Book Review – Red Seas, Red Skies by Scott Lynch
Publisher: Gollancz / 488p / £18.99 (Hardback) – £12.99 (Paperback)
Rating: * * * 1/2
Having your first novel declared as the official Next Big Thing™ to hit the shelves isn’t always a good thing– but in 2006, Scott Lynch’s debut fantasy The Lies of Locke Lamora came pretty damn close to living up to the hype. A rollicking blend of heroic fantasy and crime caper, it served up plenty of thrills, intrigue and action, as well as giving us a uniquely flawed hero in the form of the titular con artist, trickster and all-round cunning swine. Now, it’s time for the second helping of the Gentleman Bastard sequence, and Lynch has upped the ante by sending his land-loving protagonist out on the high seas to buckle swashes and hoist the mainbrace.
Red Seas Under Red Skies picks up two years after book one, with Locke and fellow ‘Gentleman Bastard’ Jean Tannen having fled some deadly trouble in their home city of Camorr. Heavily immersed in a lengthy con to swindle money out of the Sinspire, the biggest and best-guarded gambling house in the city-state of Tal Verrar, the situation is already dangerous enough for them when, thanks to some vengeful magicians, they’re put under the power of Tal Verrar’s military leader Stragos.
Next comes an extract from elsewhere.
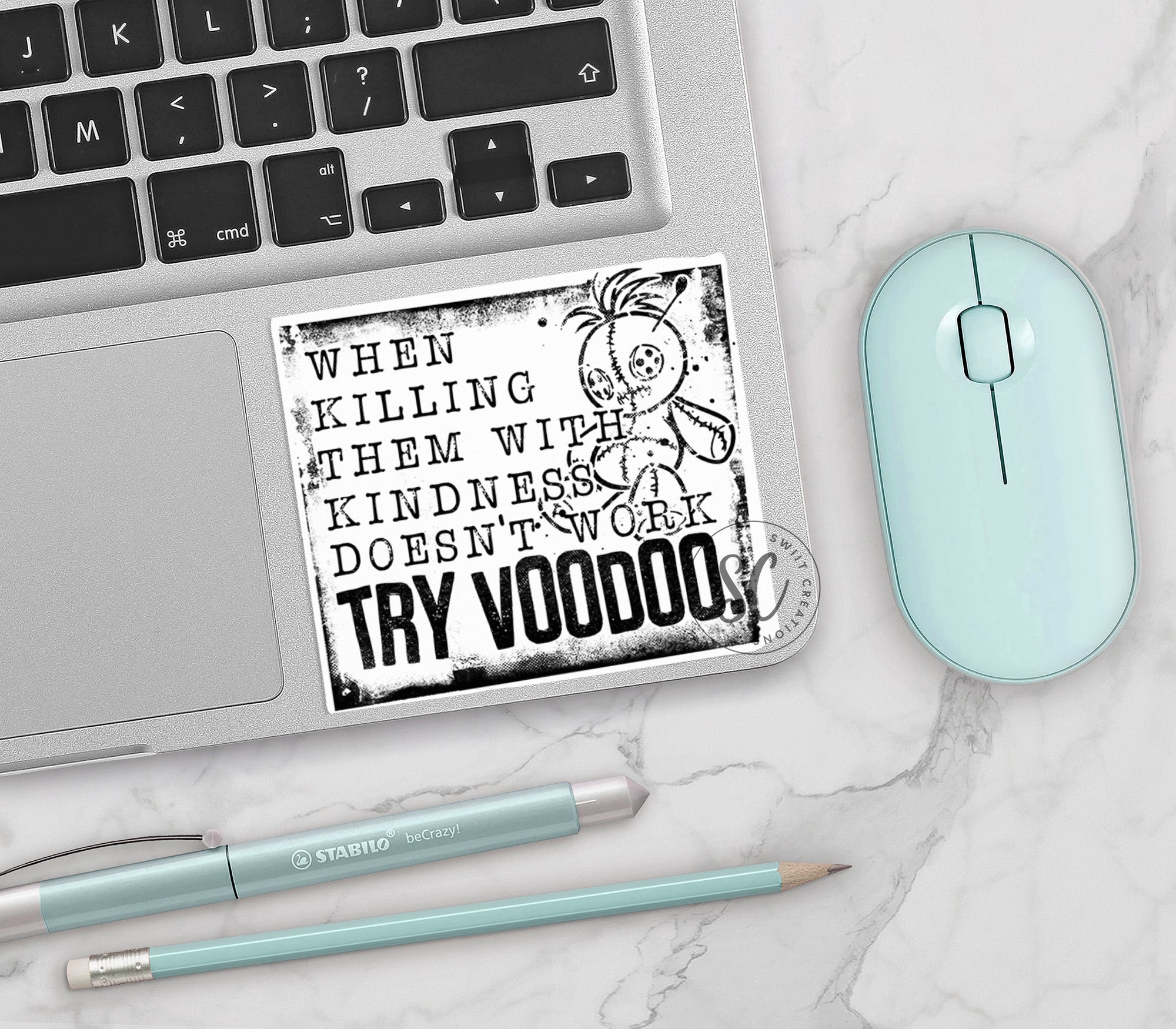 a laptop computer sitting on top of a white table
He’s a man with political problems, who could really do with a convenient explosion of maritime piracy to distract from his power games, and Locke and Jean are given two choices:– either head out to sea and raise a Pirate rebellion so it can be crushed, or die from a slow-acting poison to which only Stragos has the antidote.
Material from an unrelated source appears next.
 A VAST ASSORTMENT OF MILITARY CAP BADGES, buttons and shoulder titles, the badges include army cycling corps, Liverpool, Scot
Doing their best to masquerade as masters of the seas, our two heroes swiftly end up neck-deep in trouble as a result, and once the story leaves dry land, the pace barely flags. Lynch’s colourful, energetic prose paints the world aboard ship with vivid colours, and there’s a whole series of well-drawn and memorable characters for Locke and Jean to either battle or join forces with. Balancing thrilling action sequences with the harsh realities of violence and its aftermath, it’s the kind of witty romp that reminds you exactly how much fun heroic fantasy is supposed to be– which means it’s a shame that the book’s central plot ends up in such a jumble.
Spending too long setting up the action, it’s almost as if Lynch set out to tell one story and then changed his mind halfway through. A massive amount of plot goes by before the possibility of Locke and Jean becoming pirates is even mentioned, and while the resulting ocean-bound action is ferocious fun, it also leaves the book’s flashback-heavy opening third looking a little flat by comparison. Add in a couple of narrative red herrings and a somewhat rushed climax, and you’ve got a novel that’s packed to the brim with memorable set-pieces, yet never quite hangs together into a coherent whole.
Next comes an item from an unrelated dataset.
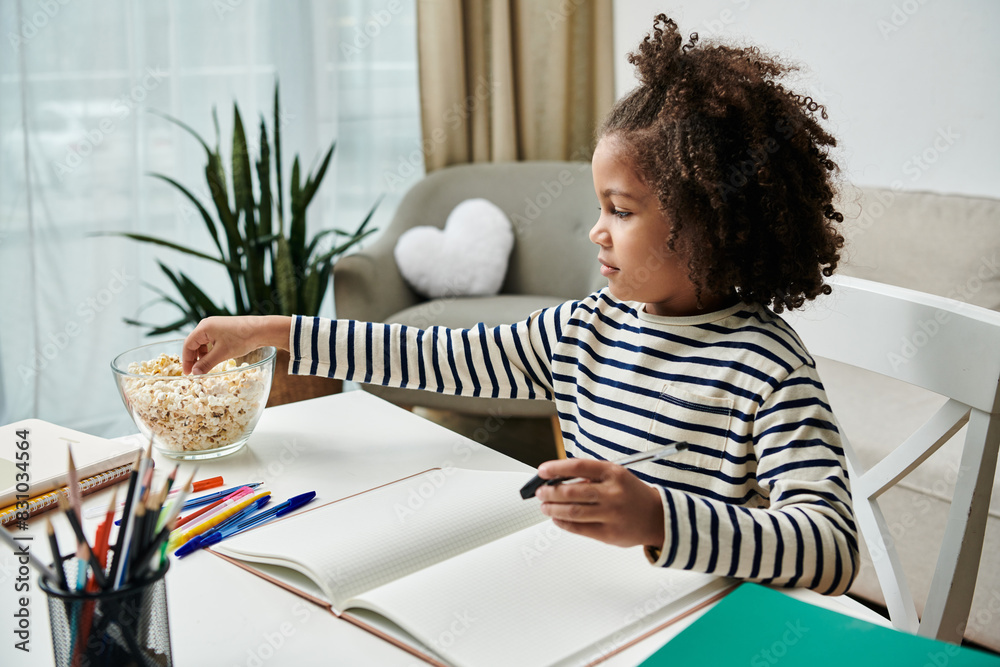 A little girl joyfully sits at a table, enjoying a bowl of popcorn A little girl joyfully sits at a table, enjoying a bowl of popcorn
Thankfully, while the storytelling may be flawed, there’s still plenty of rip-roaring entertainment to be found, and the rambunctious friendship between Locke and Jean is fast turning into one of the most engaging pairings in epic fantasy. No problem is too large for them to find some way of lying, cheating or stealing their way out of it, and the resulting rich blend of fantasy action and sharp dialogue wisely steers clear of the po-faced seriousness that torpedoes so many sword-and-sorcery epics. Lynch may not have bested the turbo-charged, page-turning heights of his debut, but Red Seas Under Red Skies is still a huge amount of fun, and the rakish form of Locke Lamora looks likely to be haunting fantasy bookshelves for many years to come.
The character of Locke Lamora actually originated in mid-2000 as a space age con-artist named Locke, who was played by Scott Lynch during several sessions of a friend’s Star Wars roleplaying game.